■ Exercise input ■
——————————
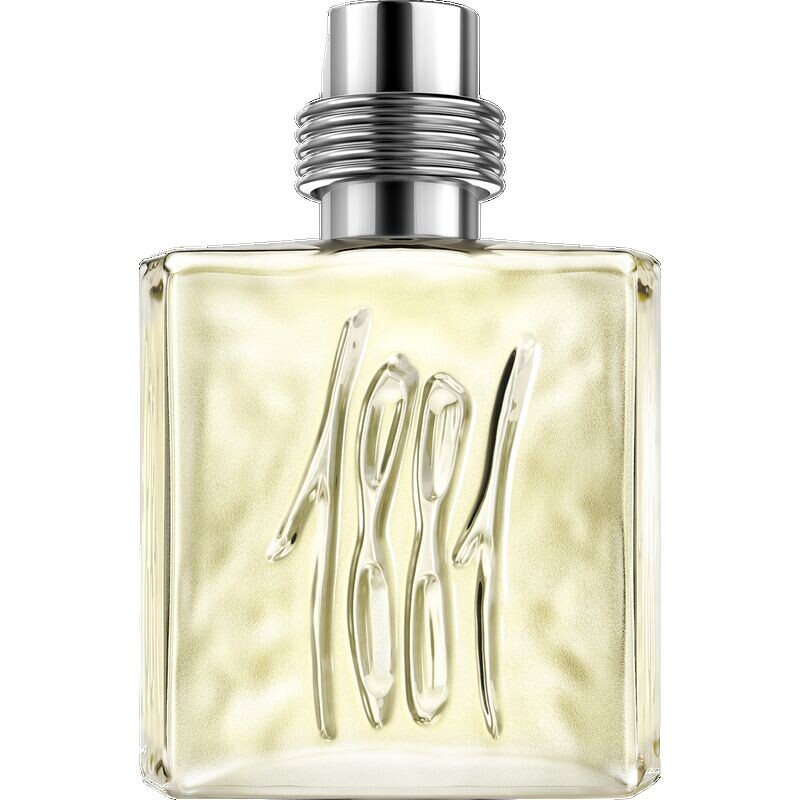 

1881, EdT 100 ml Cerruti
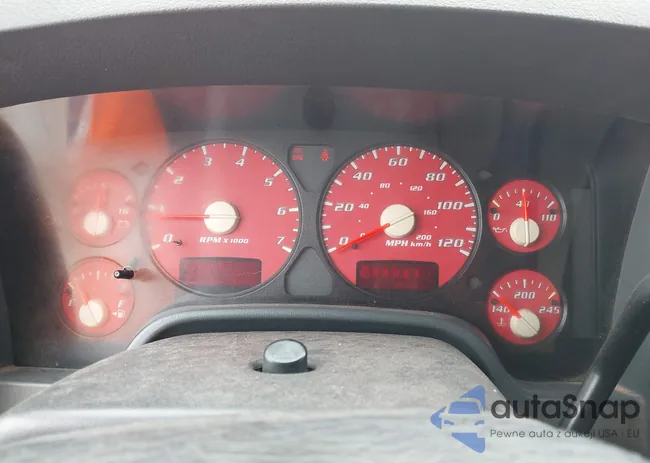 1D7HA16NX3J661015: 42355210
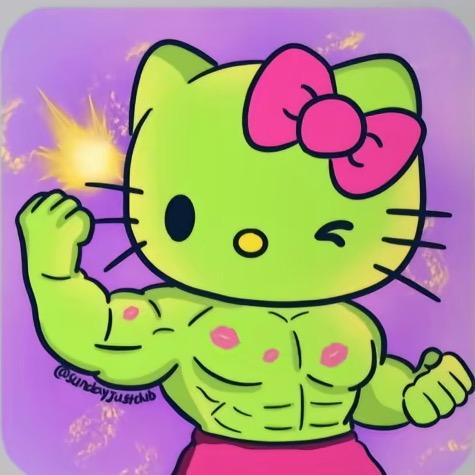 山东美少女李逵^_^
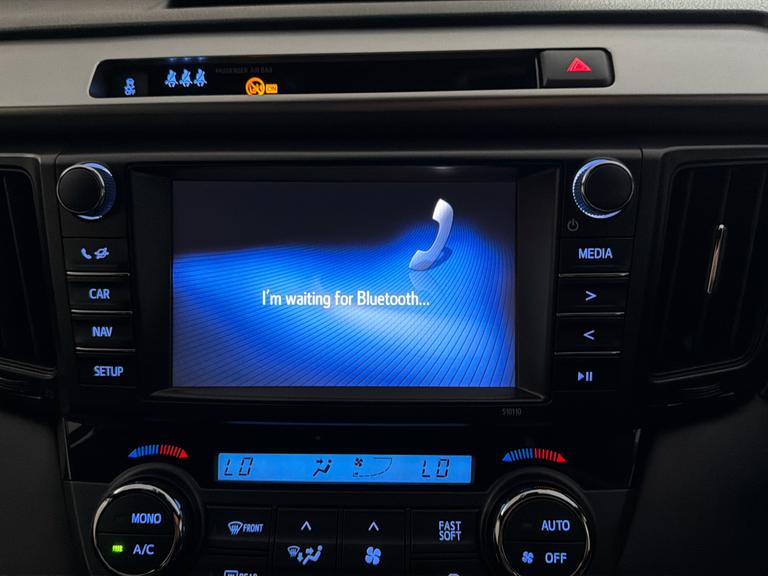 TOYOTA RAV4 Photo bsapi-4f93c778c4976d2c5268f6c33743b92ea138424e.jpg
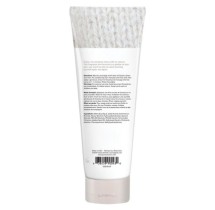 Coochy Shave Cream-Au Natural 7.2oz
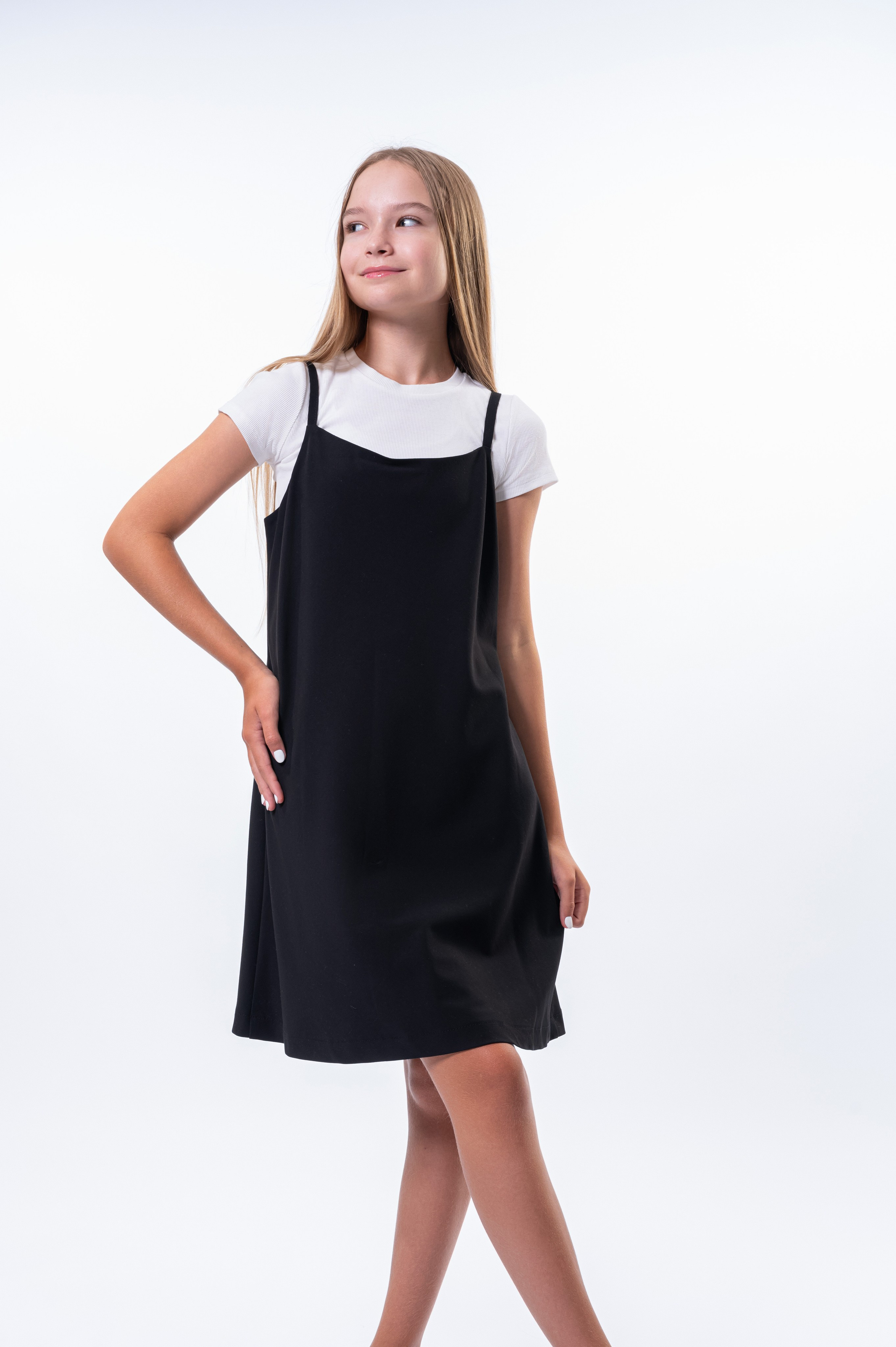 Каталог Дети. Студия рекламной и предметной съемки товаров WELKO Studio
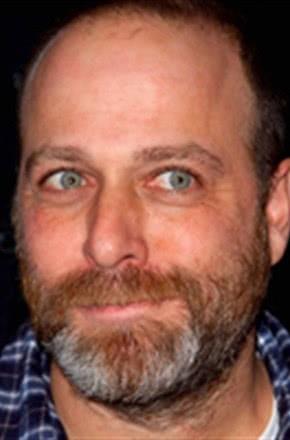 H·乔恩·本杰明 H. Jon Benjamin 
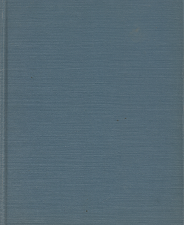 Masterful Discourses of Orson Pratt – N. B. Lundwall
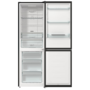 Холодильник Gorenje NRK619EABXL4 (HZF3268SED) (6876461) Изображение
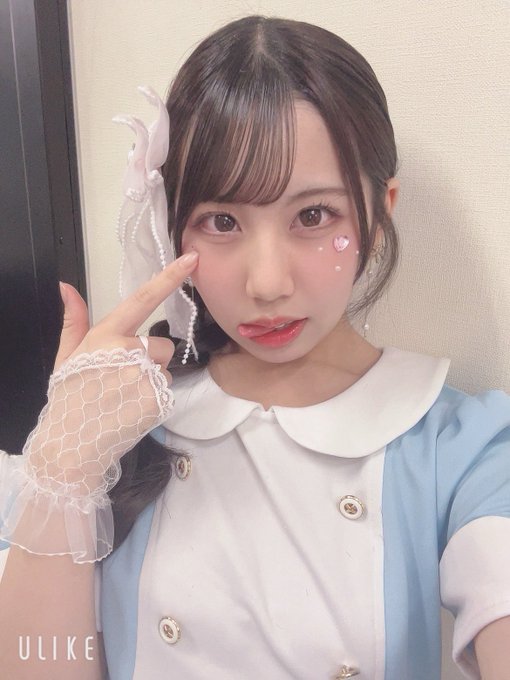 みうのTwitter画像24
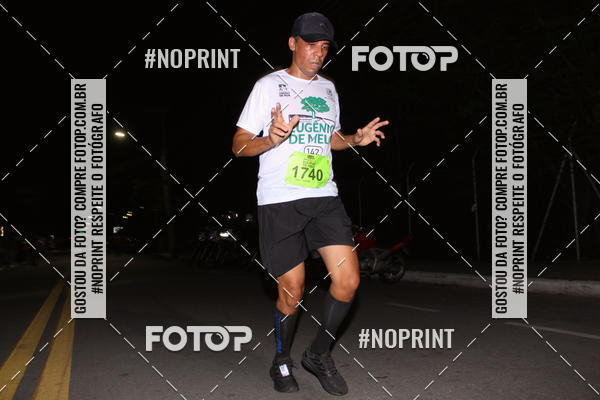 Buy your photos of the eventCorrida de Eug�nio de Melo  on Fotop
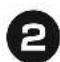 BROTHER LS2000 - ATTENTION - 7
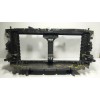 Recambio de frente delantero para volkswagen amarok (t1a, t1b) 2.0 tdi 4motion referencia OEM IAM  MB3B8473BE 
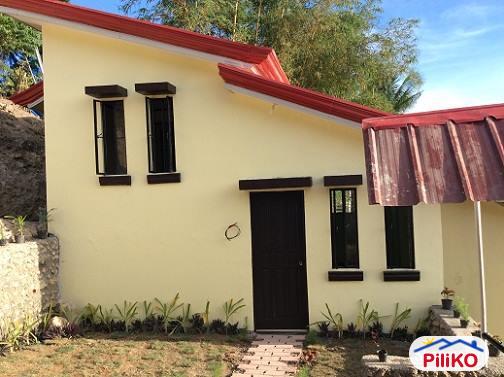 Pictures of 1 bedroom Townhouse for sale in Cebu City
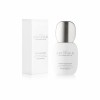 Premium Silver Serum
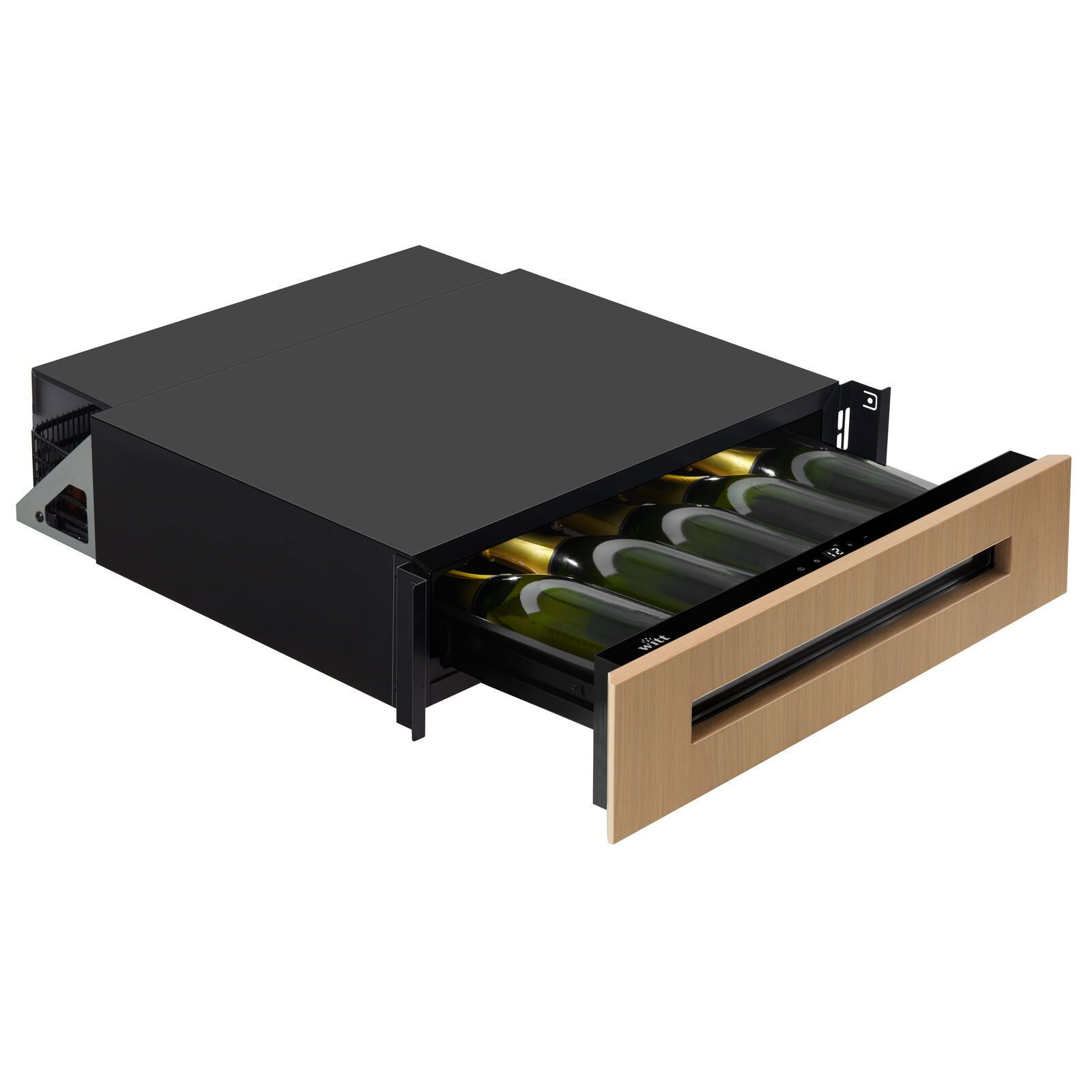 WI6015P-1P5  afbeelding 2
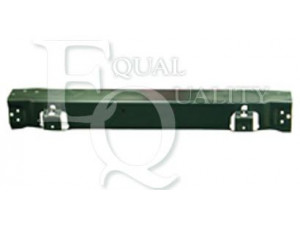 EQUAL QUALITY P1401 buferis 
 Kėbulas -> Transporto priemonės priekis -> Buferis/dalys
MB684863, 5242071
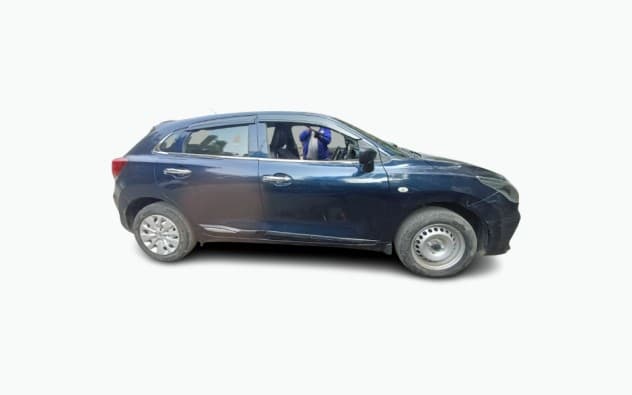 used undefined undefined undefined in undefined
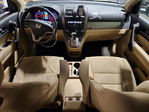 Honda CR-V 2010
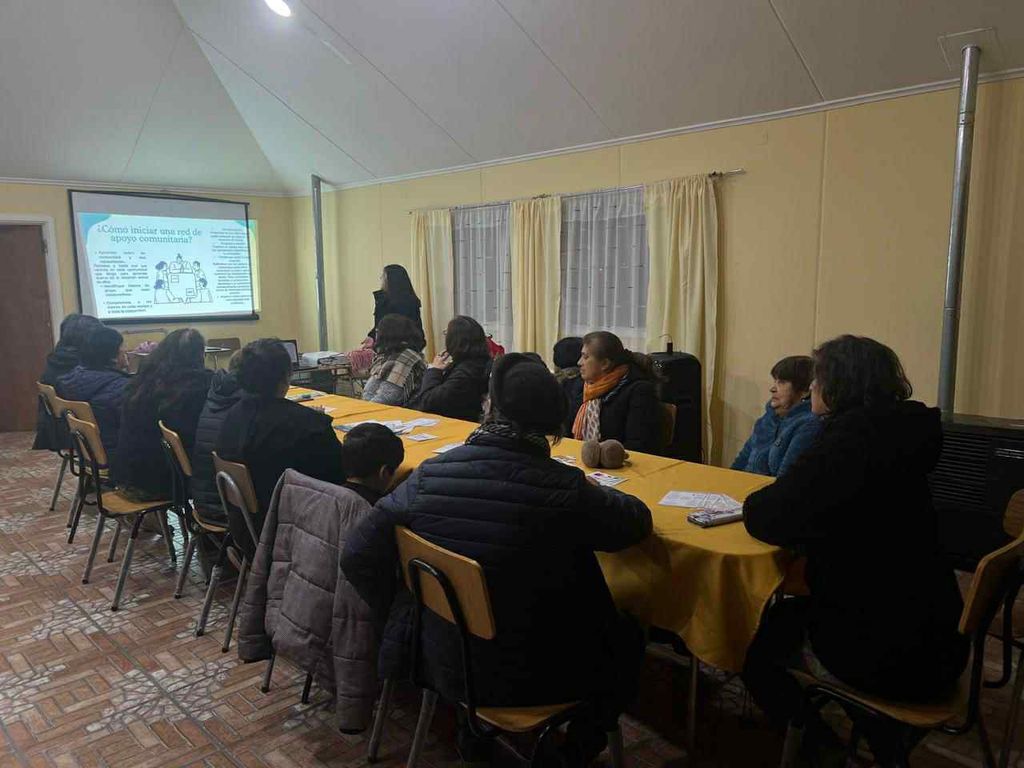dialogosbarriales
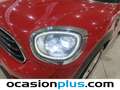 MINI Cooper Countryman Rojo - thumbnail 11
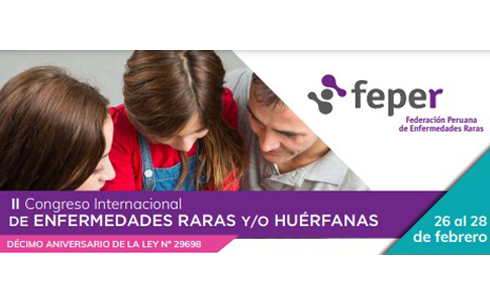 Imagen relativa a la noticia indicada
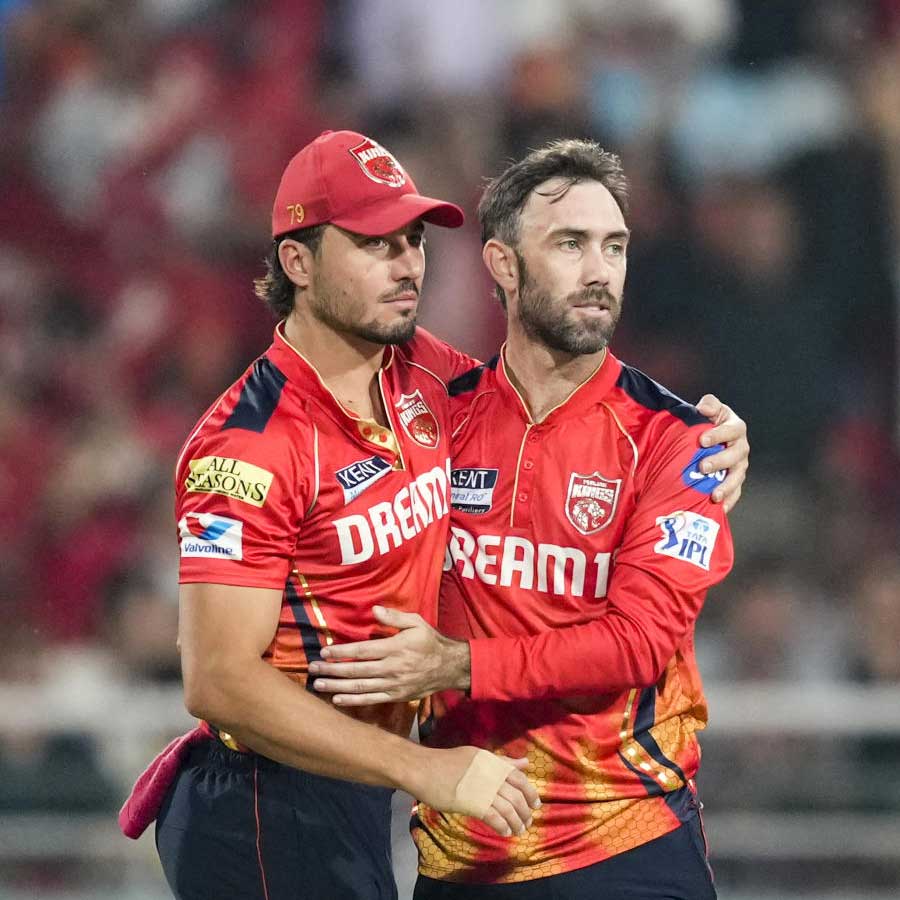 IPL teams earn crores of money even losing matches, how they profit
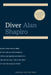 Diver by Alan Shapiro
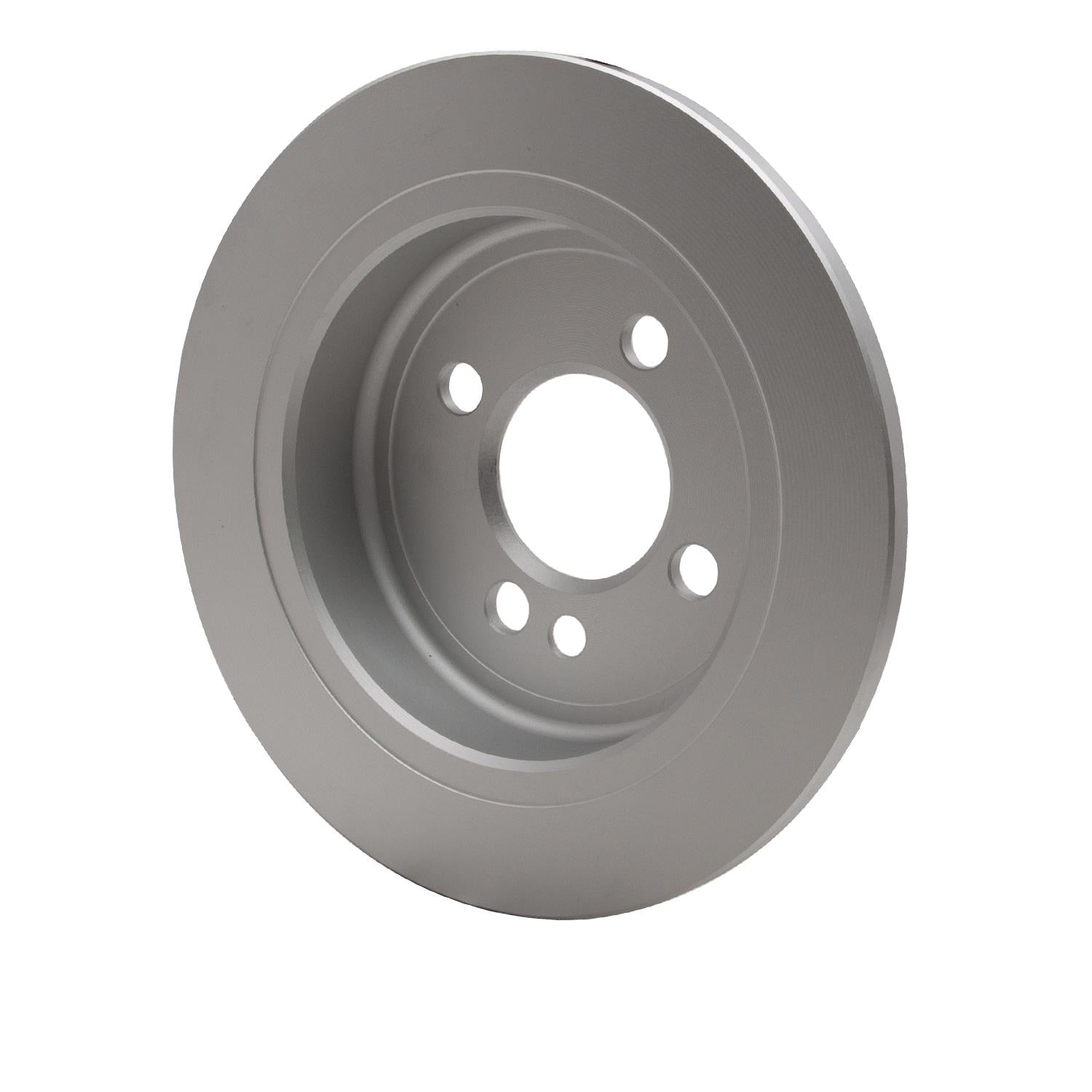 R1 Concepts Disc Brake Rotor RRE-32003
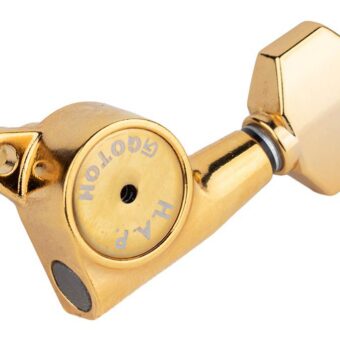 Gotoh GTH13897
——————————
■ Task directions ■
A word-for-word copy of the entries is needed, with no pictures in it.

■ Response to this task ■
1881, EdT 100 ml Cerruti
 1D7HA16NX3J661015: 42355210
 山东美少女李逵^_^
 TOYOTA RAV4 Photo bsapi-4f93c778c4976d2c5268f6c33743b92ea138424e.jpg
 Coochy Shave Cream-Au Natural 7.2oz
 Каталог Дети. Студия рекламной и предметной съемки товаров WELKO Studio
 H·乔恩·本杰明 H. Jon Benjamin 
 Masterful Discourses of Orson Pratt – N. B. Lundwall
 Холодильник Gorenje NRK619EABXL4 (HZF3268SED) (6876461) Изображение
 みうのTwitter画像24
 Buy your photos of the eventCorrida de Eug�nio de Melo  on Fotop
 BROTHER LS2000 - ATTENTION - 7
 Recambio de frente delantero para volkswagen amarok (t1a, t1b) 2.0 tdi 4motion referencia OEM IAM  MB3B8473BE 
 Pictures of 1 bedroom Townhouse for sale in Cebu City
 Premium Silver Serum
 WI6015P-1P5  afbeelding 2
 EQUAL QUALITY P1401 buferis 
 Kėbulas -> Transporto priemonės priekis -> Buferis/dalys
MB684863, 5242071
 used undefined undefined undefined in undefined
 Honda CR-V 2010
dialogosbarriales
 MINI Cooper Countryman Rojo - thumbnail 11
 Imagen relativa a la noticia indicada
 IPL teams earn crores of money even losing matches, how they profit
 Diver by Alan Shapiro
 R1 Concepts Disc Brake Rotor RRE-32003
 Gotoh GTH13897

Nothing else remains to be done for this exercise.